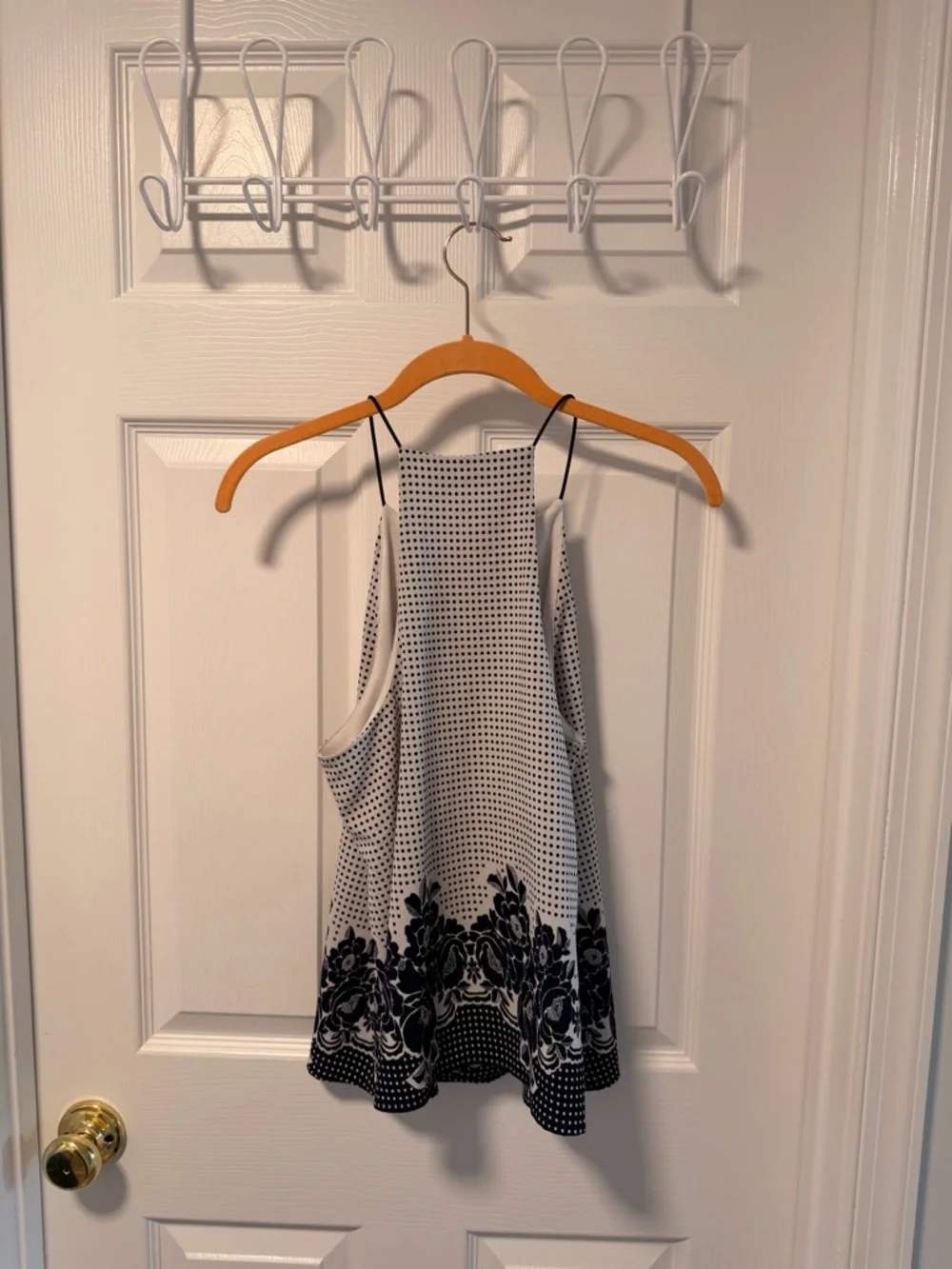 Top - Picture 2 of 3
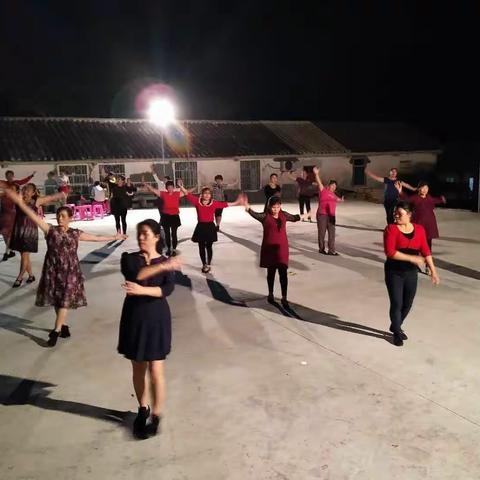 欢欢乐乐庆元宵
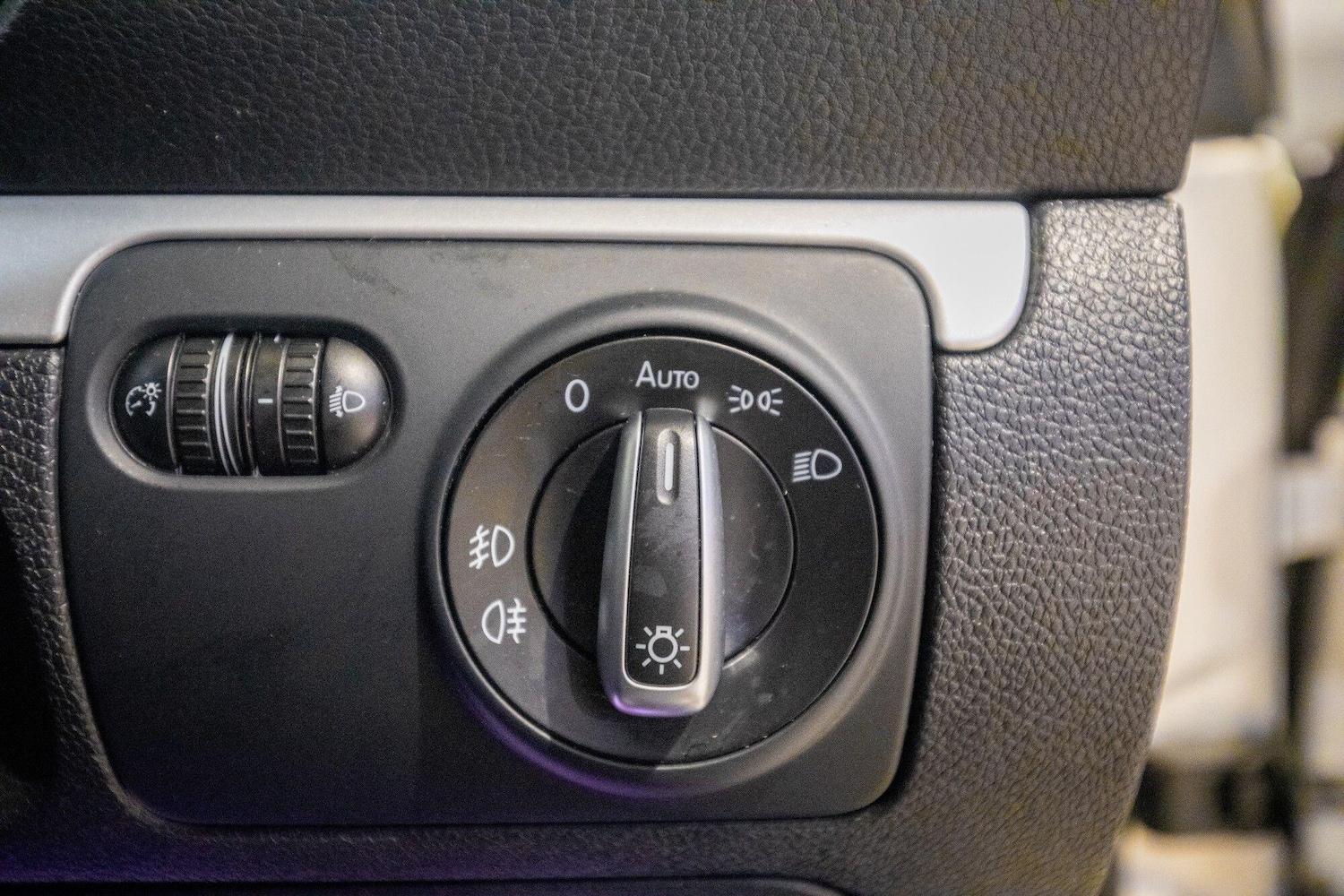 Used Volkswagen Scirocco 2011 for sale - 77412094: Photo 21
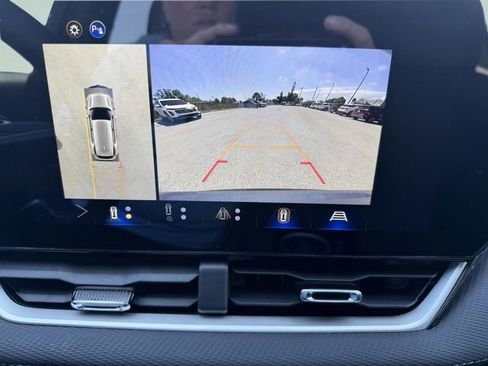 New 2026 Chevrolet Equinox LT w/ Safety and Technology Package FWD image 23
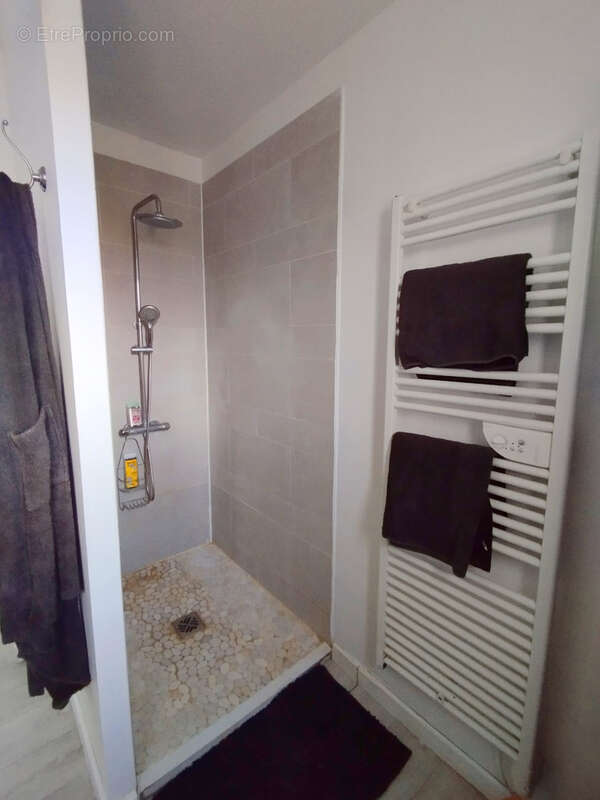 Maison à CROSMIERES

■ ■ ■

All records above need to be returned exactly. Omit the pictures.

 Top - Picture 2 of 3
 欢欢乐乐庆元宵
 Used Volkswagen Scirocco 2011 for sale - 77412094: Photo 21
 New 2026 Chevrolet Equinox LT w/ Safety and Technology Package FWD image 23
 Maison à CROSMIERES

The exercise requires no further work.